| Work to complete |
Scan the records below for the line with "Fitness Gym Workout" and the line with "thumbnail image 2". Repeat those two lines and every line between them exactly, and nothing else.

| Records |
________________________
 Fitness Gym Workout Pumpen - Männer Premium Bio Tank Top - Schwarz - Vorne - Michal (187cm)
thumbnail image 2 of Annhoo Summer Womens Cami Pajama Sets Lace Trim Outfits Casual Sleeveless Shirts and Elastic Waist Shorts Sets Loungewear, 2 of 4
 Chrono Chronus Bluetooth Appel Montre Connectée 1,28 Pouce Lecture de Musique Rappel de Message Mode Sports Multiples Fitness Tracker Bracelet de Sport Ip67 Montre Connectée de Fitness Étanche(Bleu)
________________________
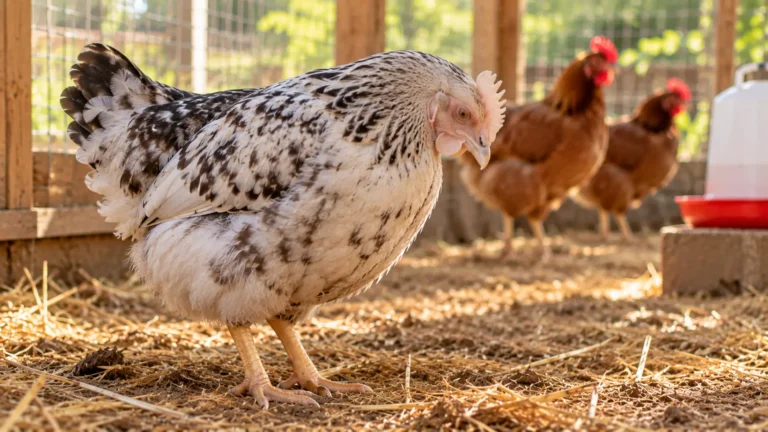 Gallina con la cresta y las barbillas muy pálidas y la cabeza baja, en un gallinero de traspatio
________________________
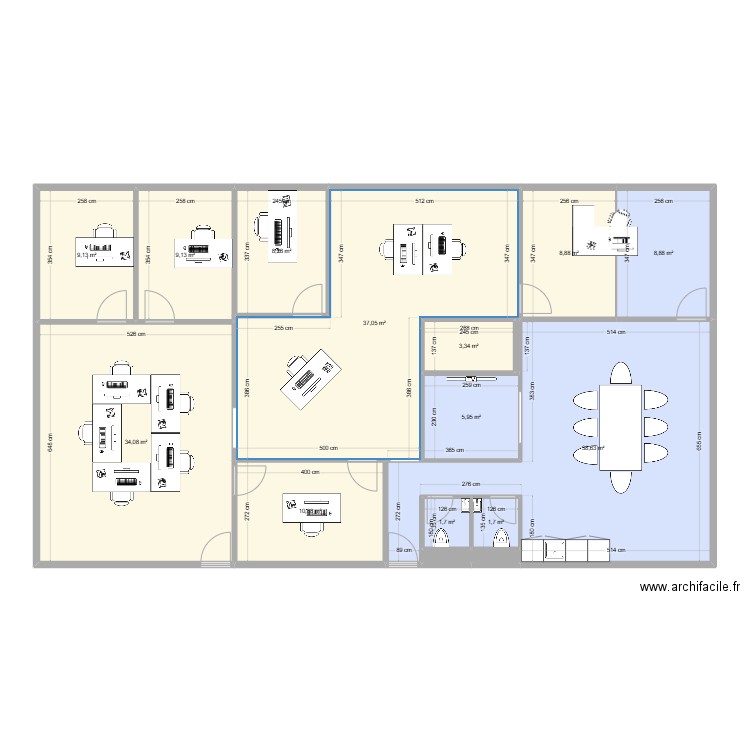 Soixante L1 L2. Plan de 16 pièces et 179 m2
________________________
| Solution below |
 Fitness Gym Workout Pumpen - Männer Premium Bio Tank Top - Schwarz - Vorne - Michal (187cm)
thumbnail image 2 of Annhoo Summer Womens Cami Pajama Sets Lace Trim Outfits Casual Sleeveless Shirts and Elastic Waist Shorts Sets Loungewear, 2 of 4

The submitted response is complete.